Task goal: Omit the pictures. Transcribe exactly the lines below, from the one with "Vendas iPhone 15" up to and including the last.

Data block:
━━━━━━━━━━

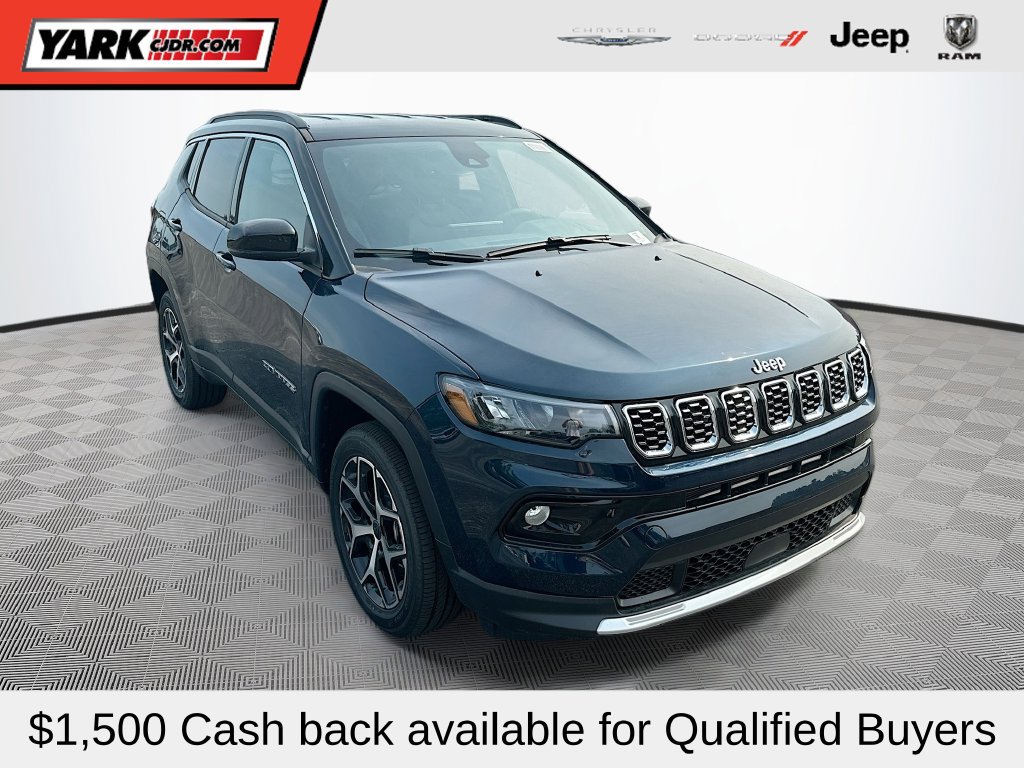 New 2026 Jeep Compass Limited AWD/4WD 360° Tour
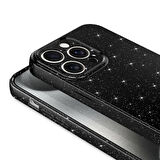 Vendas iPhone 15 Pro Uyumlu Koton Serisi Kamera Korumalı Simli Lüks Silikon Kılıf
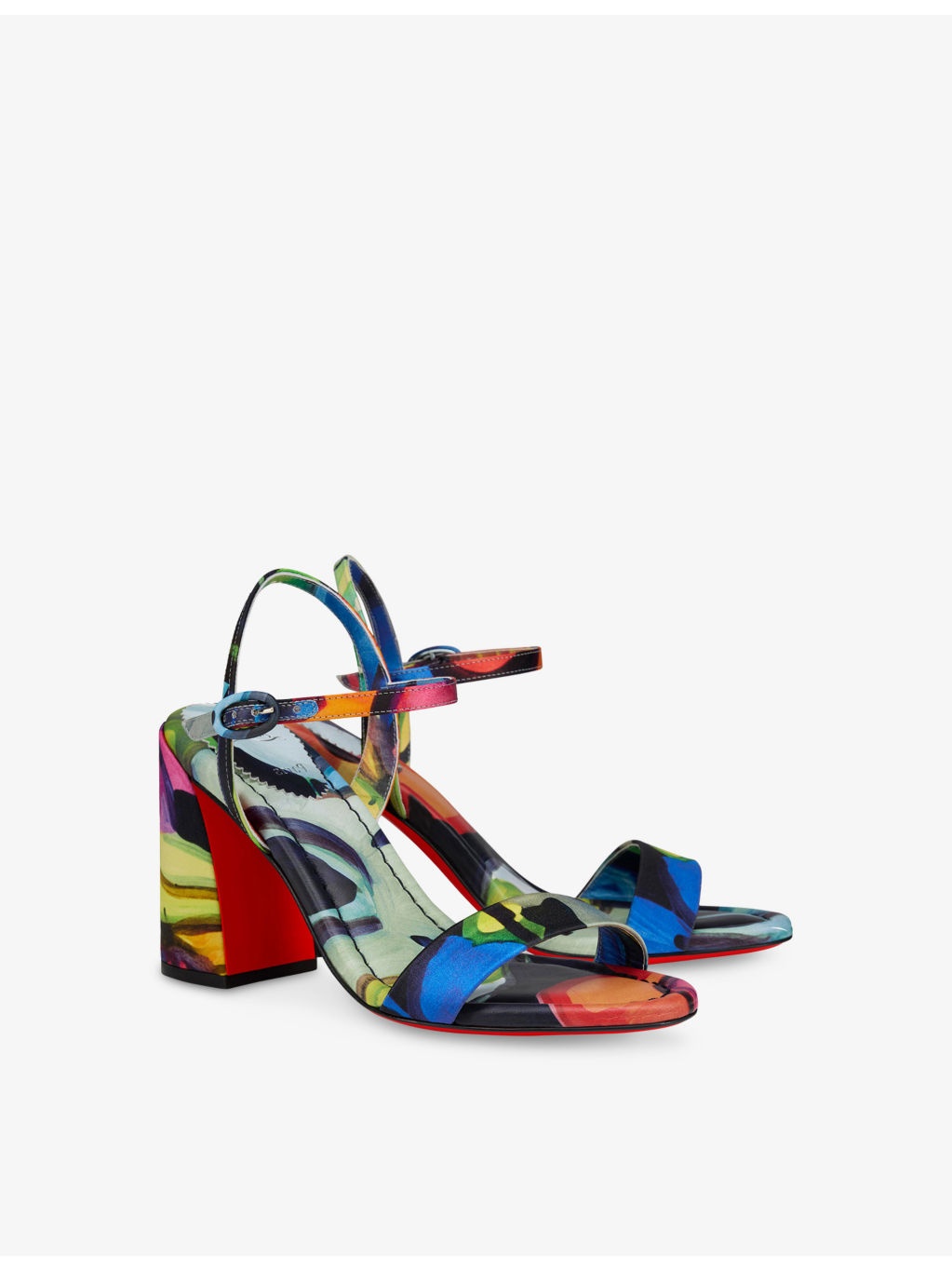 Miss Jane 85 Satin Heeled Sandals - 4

━━━━━━━━━━

The completed task:
 Vendas iPhone 15 Pro Uyumlu Koton Serisi Kamera Korumalı Simli Lüks Silikon Kılıf
 Miss Jane 85 Satin Heeled Sandals - 4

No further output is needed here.